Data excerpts
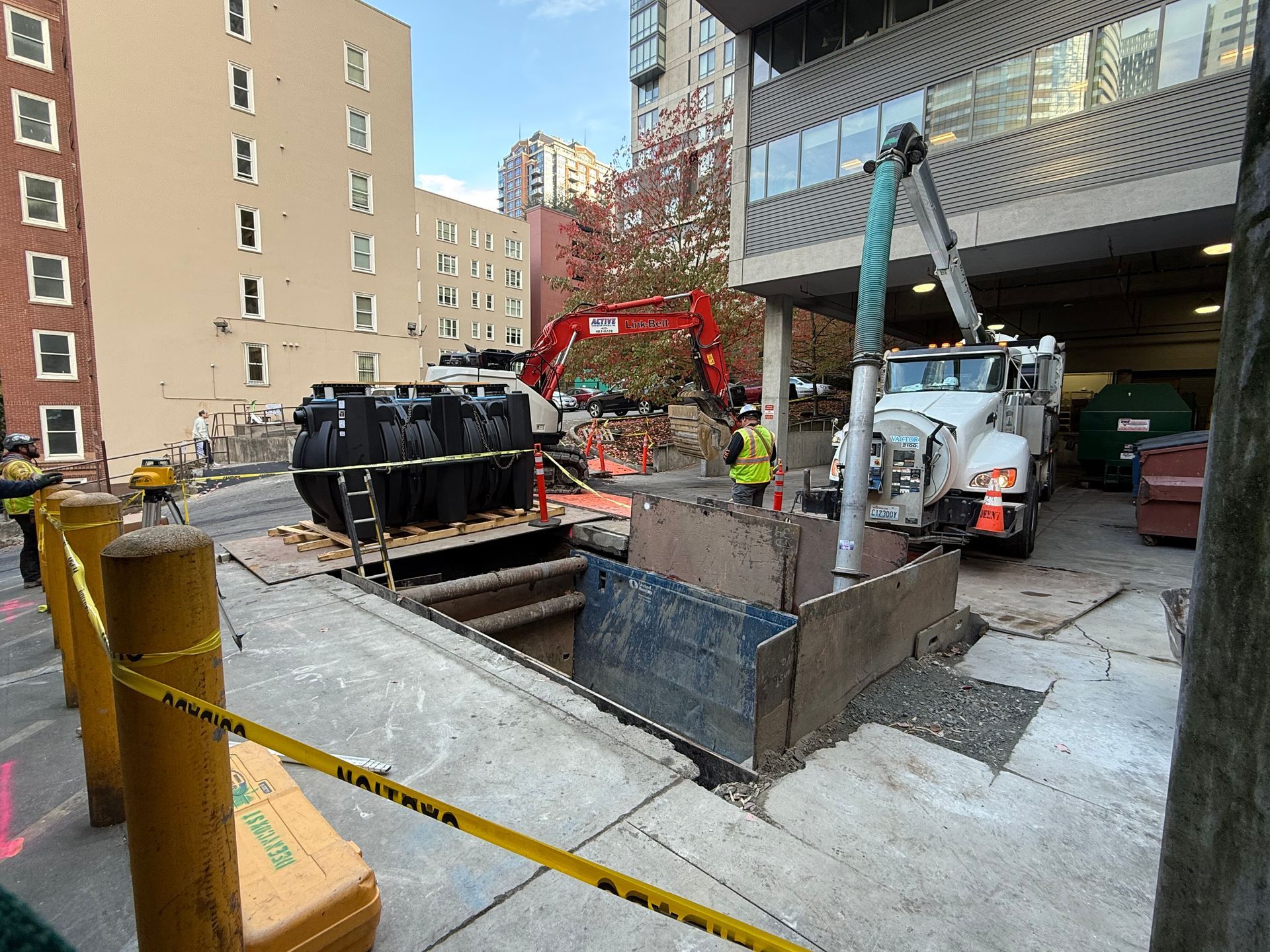 Construction site with a deep excavated trench, a white vacuum truck, and a red excavator in a city setting.
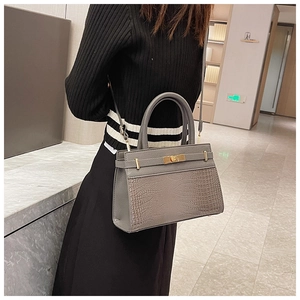 Close-up of grey handbag featuring crocodile texture and golden metal twist lock detail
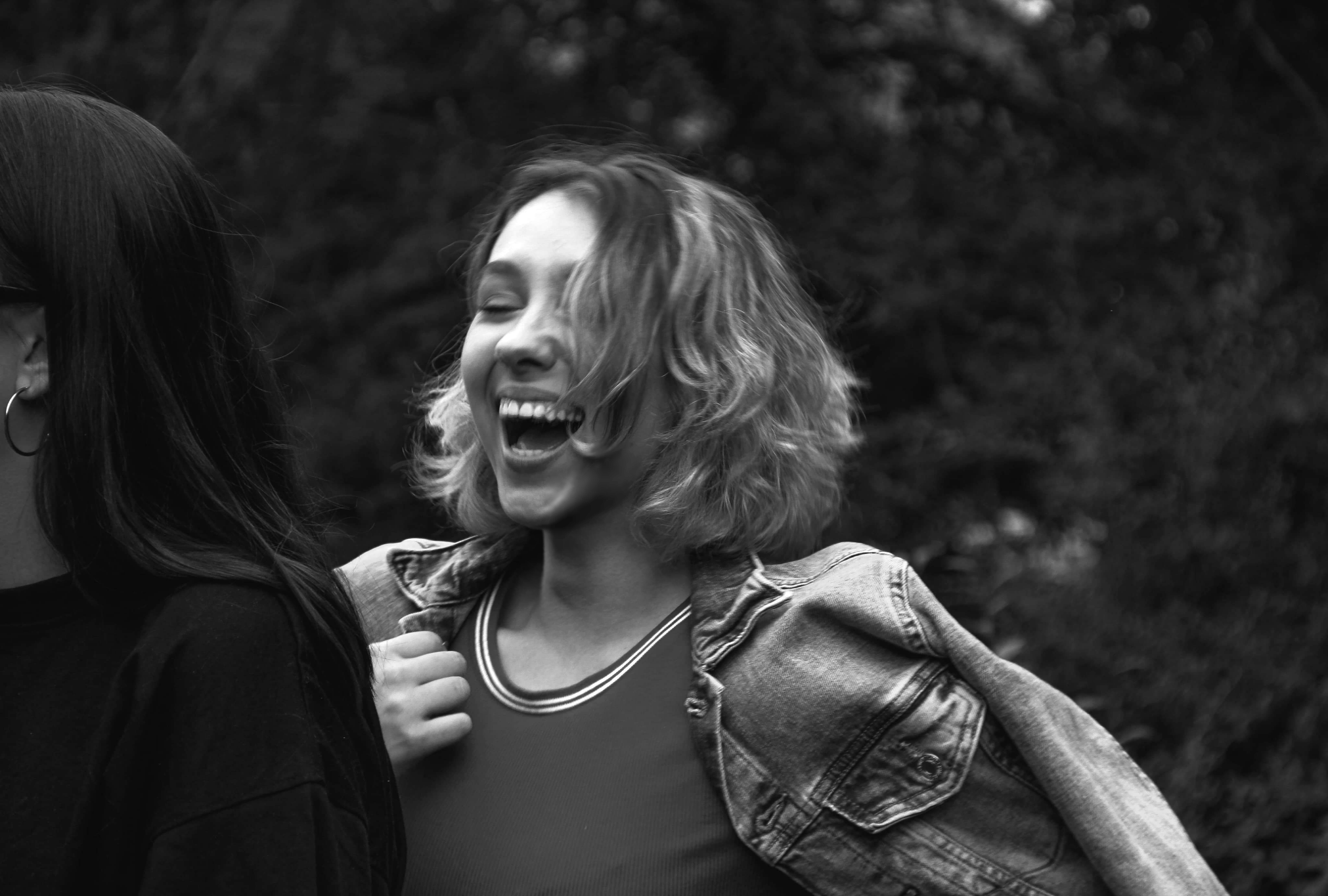 A picture of a young woman smiling with open more with a black and white filter.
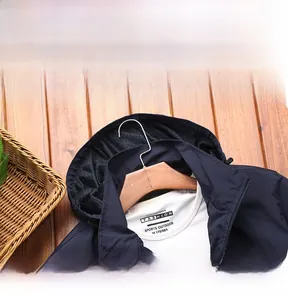 Macro view of navy blue hooded jacket collar with precision stitching and mesh lining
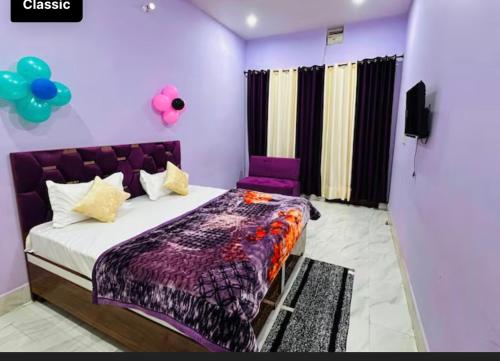 Postel nebo postele na pokoji v ubytování Hotel Sukoon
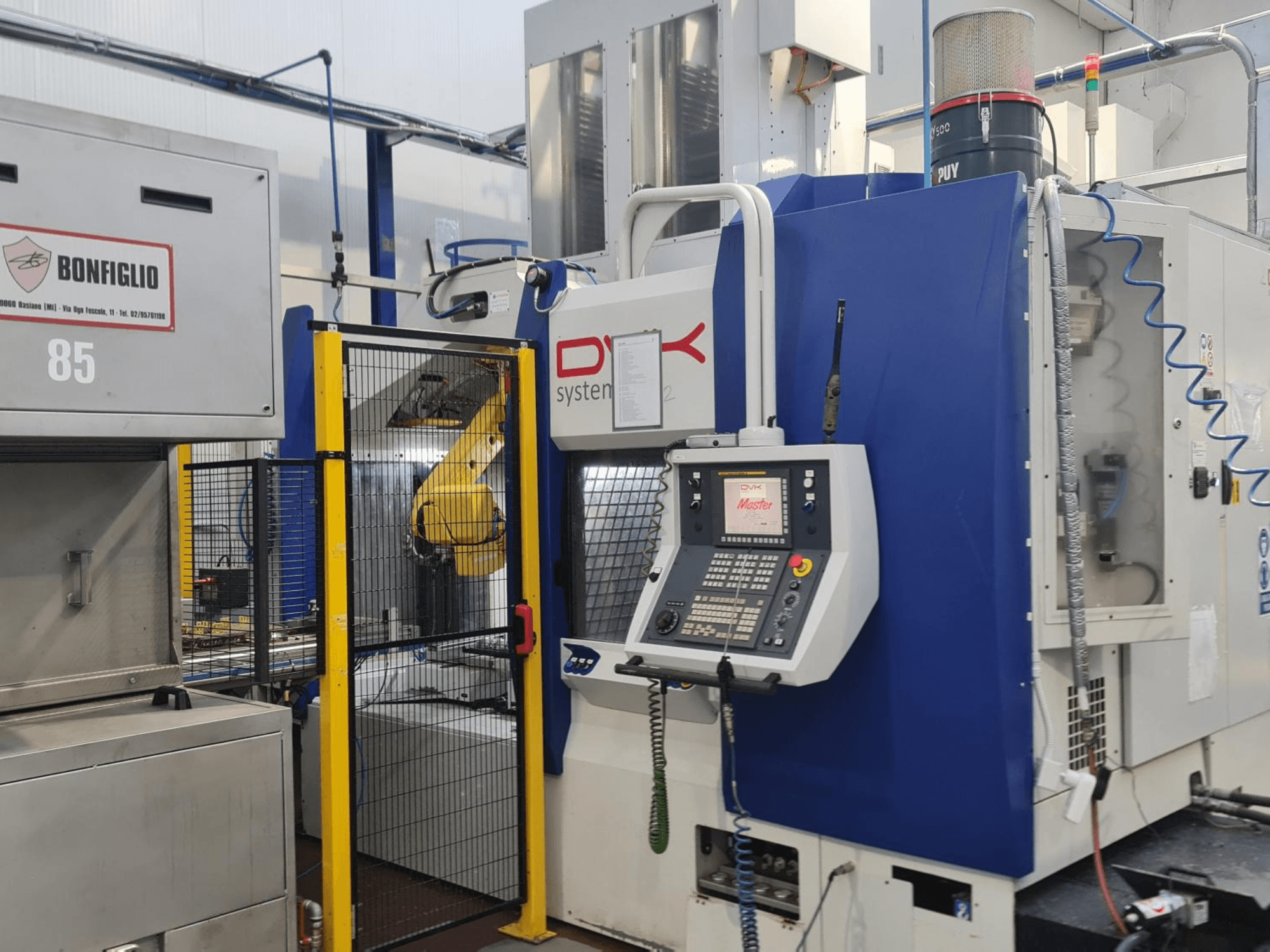 DVK System Master yatay işleme merkezi, önden görünüm; kontrol paneli, güvenlik kapısı ve robot kolu ile birlikte.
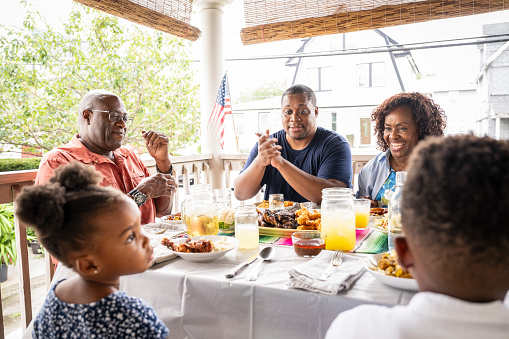 Young Black siblings sitting at dining table on sunny veranda with smiling parents and grandfather, hungry and ready for lunch.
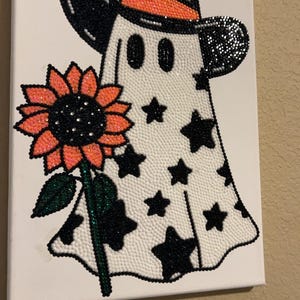 May include: A diamond art canvas featuring a white ghost wearing a black cowboy hat with an orange band. The ghost is decorated with black stars and holds a large orange sunflower with a green stem and leaves, all created with sparkling beads.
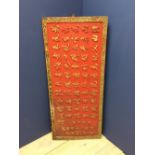 Chinese red painted textured rectangular panel with rows of calligraphy, 139x60cm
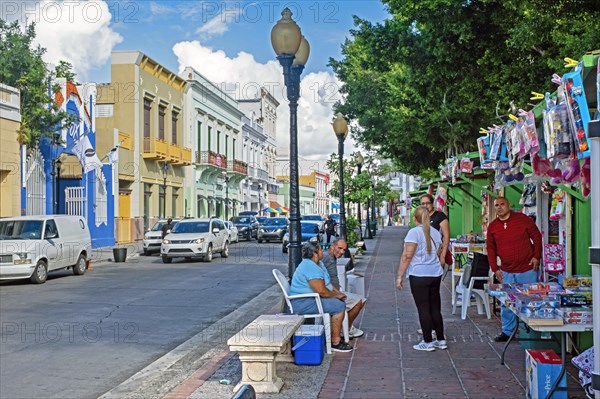 Street scene showing Spanish colonial houses and market stalls selling toys in the city Ponce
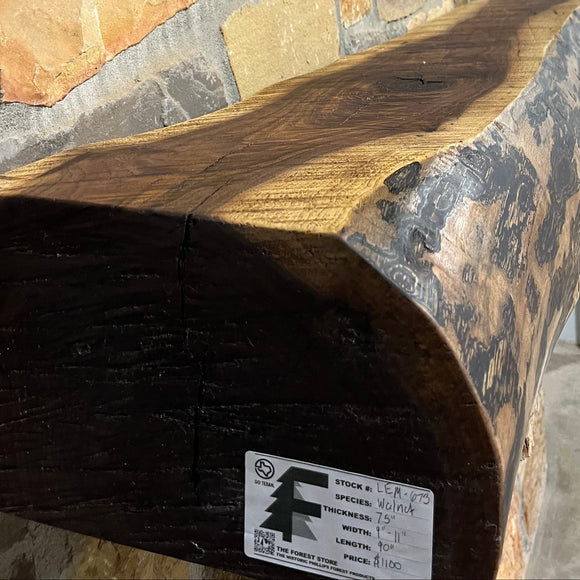 A live edge style fireplace mantel, made from walnut wood, mounted to a rock wall.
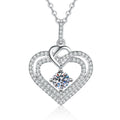 Heart Moissanite Pendant Necklace with Cubic Zirconia in White Gold-Plated S925 Sterling Silver on clean white background showing the heart pendant with a round moissanite center and cubic zirconia accents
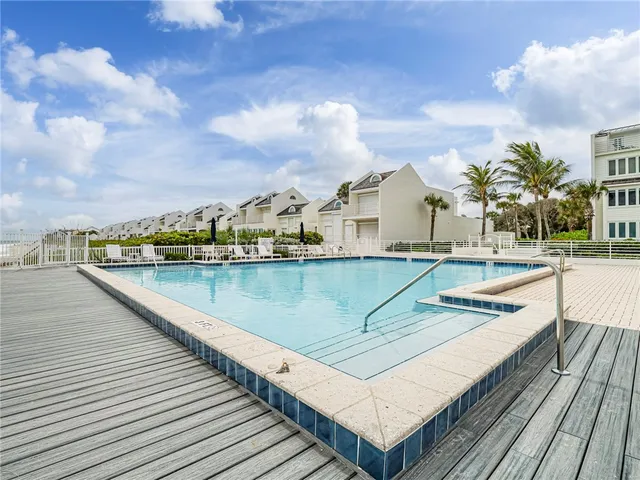a view of swimming pool with outdoor seating and barbeque oven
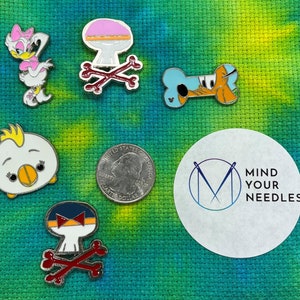 May include: A collection of enamel pins featuring various cartoon characters, including a duck, a dog, and a mushroom. The pins are displayed on a green and yellow fabric background with a white sticker that says "Mind Your Needles".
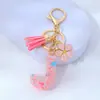 Lentejuelas Rosas de Amor Gota de Pegamento Llavero con Letra Flor de Metal Colgante de Borla Colgante para Bolso de Mujer Pequeño Fresco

EXERCISE AIM:
What you need to produce is an exact copy of the entries above, limited to the lines from the one with "DVK System Master" up to and including the one with "A live edge", without pictures.

SOLVED PROBLEM:
 DVK System Master yatay işleme merkezi, önden görünüm; kontrol paneli, güvenlik kapısı ve robot kolu ile birlikte.
 Young Black siblings sitting at dining table on sunny veranda with smiling parents and grandfather, hungry and ready for lunch.
 May include: A diamond art canvas featuring a white ghost wearing a black cowboy hat with an orange band. The ghost is decorated with black stars and holds a large orange sunflower with a green stem and leaves, all created with sparkling beads.
 Chinese red painted textured rectangular panel with rows of calligraphy, 139x60cm
 Street scene showing Spanish colonial houses and market stalls selling toys in the city Ponce
 A live edge style fireplace mantel, made from walnut wood, mounted to a rock wall.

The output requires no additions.